There were directors and actors, songwriters and composers; musical geniuses who were either meticulously trained or divinely inspired. They gave to their work a sincerity that would be universal and that would survive the test of time. They dedicated to us timeless tunes that provide almost a spiritual pleasure even half a century later.
One of them was a young lad in his early twenties. His name was Anil Krishna Biswas. He came a far distance; all the way from a hamlet in Barisal in erstwhile East Bengal, treading the path of his fate through Calcutta and finally reaching his destination at Bombay. He was one of the dreamers and seekers; those destined to be part of a pioneering group that would shape an exciting new medium and leave the entertaining legacy of Indian cinema for future generations. He had undergone the conventional struggle, the sleeping on pavements and post office verandahs, and experienced a period of building himself stronger doing menial jobs, the odd singing at gatherings, even washing dishes at a tea-shop. His self-respect was too strong to accept handouts just because the goddess Saraswati had blessed him with a powerful voice. Perhaps the influence of his mother had something to do with it. Besides teaching him the facets of music, she had infused in him an admirable strength of character and principle. He was ever true to that tuition.
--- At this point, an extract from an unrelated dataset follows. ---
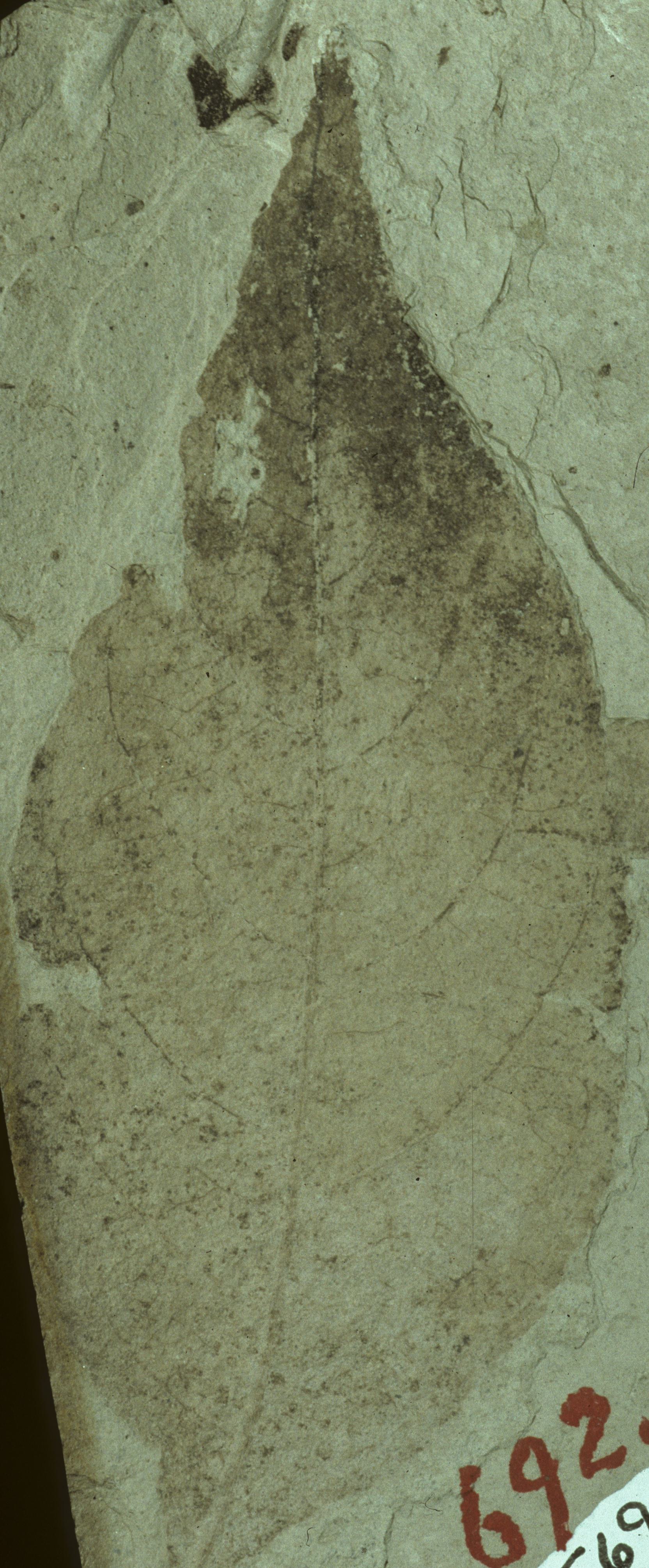 Fossil Image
In 1935, just a few months after reaching the city, Anil Biswas signed his first independent film-DHARAM KI DEVI.
Mythologicals at that time were what sent the cash registers ringing, being a common denominator for all moviegoers. In fact the first song which won him recognition was a bhajan Tere poojan ko bhagwan, bana man mandir aalishan.
Tere poojan ko bhagwan, bana man mandir aalishan by Ratan Devi from Bharat Ki Beti (1935)
From Calcutta he had brought along a clutch of Anglo-Indian musicians well-versed in Western instruments. Anil Biswas re-styled the system of operatic music with harmonium-tabla then prevalent, and introduced an entire orchestra of 12 pieces never before used in Indian Films. By doing this, he constructed the framework of the popular Hindi film song as we know it today.
On the sets of National Studios’ MANMOHAN where he met his wife, the lissome beauty Ashalata, he also encountered the stocky Mehboob Khan. Together they began to write part of the glorious history of nascent Indian cinema. There were landmark movies like Roti, Watan, Jagirdar, Aurat, in which Anil Biswas self-sung Kaahe karta der baraati, picturised on himself, became a hit. But what was more successful was the deep friendship between the two talented stalwarts. It was in Roti that Anilda introduced Akhtaribai Faizabadi, known later in her concert avatar as Begum Akhtar. He is known to have actually visited kothas in search of the deep, resonant voices which were in vogue at that time.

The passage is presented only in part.